● **Instructions to follow**:
Ignore the pictures in the data below and set down exactly the lines from its first line through the line containing "Figura 4.10. Sistema de Venda – Histograma".

● **Records from a dataset**:
_ _ _
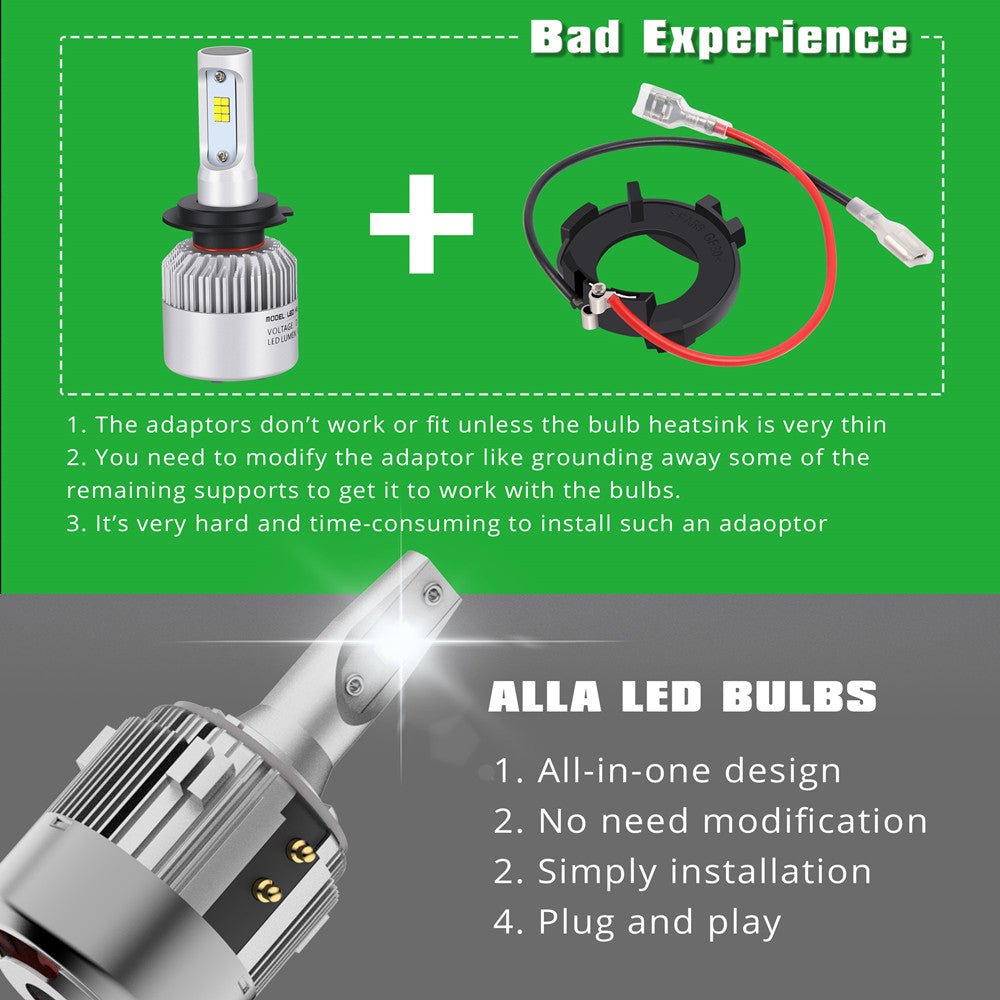 led h7 plug and play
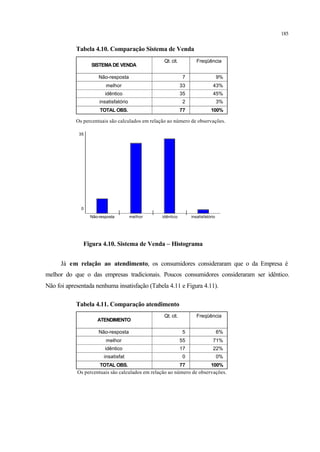 185
Tabela 4.10. Comparação Sistema de Venda
SISTEMA DE VENDA
Não-resposta
melhor
idêntico
insatisfatório
TOTAL OBS.
Qt. cit. Freqüência
7 9%
33 43%
35 45%
2 3%
77 100%
Os percentuais são calculados em relação ao número de observações.
Não-resposta melhor idêntico insatisfatório
0
35
Figura 4.10. Sistema de Venda – Histograma
Já em relação ao atendimento, os consumidores consideraram que o da Empresa é
melhor do que o das empresas tradicionais. Poucos consumidores consideraram ser idêntico.
Não foi apresentada nenhuma insatisfação (Tabela 4.11 e Figura 4.11).
Tabela 4.11. Comparação atendimento
ATENDIMENTO
Não-resposta
melhor
idêntico
insatisfat
TOTAL OBS.
Qt. cit. Freqüência
5 6%
55 71%
17 22%
0 0%
77 100%
Os percentuais são calculados em relação ao número de observações.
_ _ _
● **Answer space**:
 led h7 plug and play
 185
Tabela 4.10. Comparação Sistema de Venda
SISTEMA DE VENDA
Não-resposta
melhor
idêntico
insatisfatório
TOTAL OBS.
Qt. cit. Freqüência
7 9%
33 43%
35 45%
2 3%
77 100%
Os percentuais são calculados em relação ao número de observações.
Não-resposta melhor idêntico insatisfatório
0
35
Figura 4.10. Sistema de Venda – Histograma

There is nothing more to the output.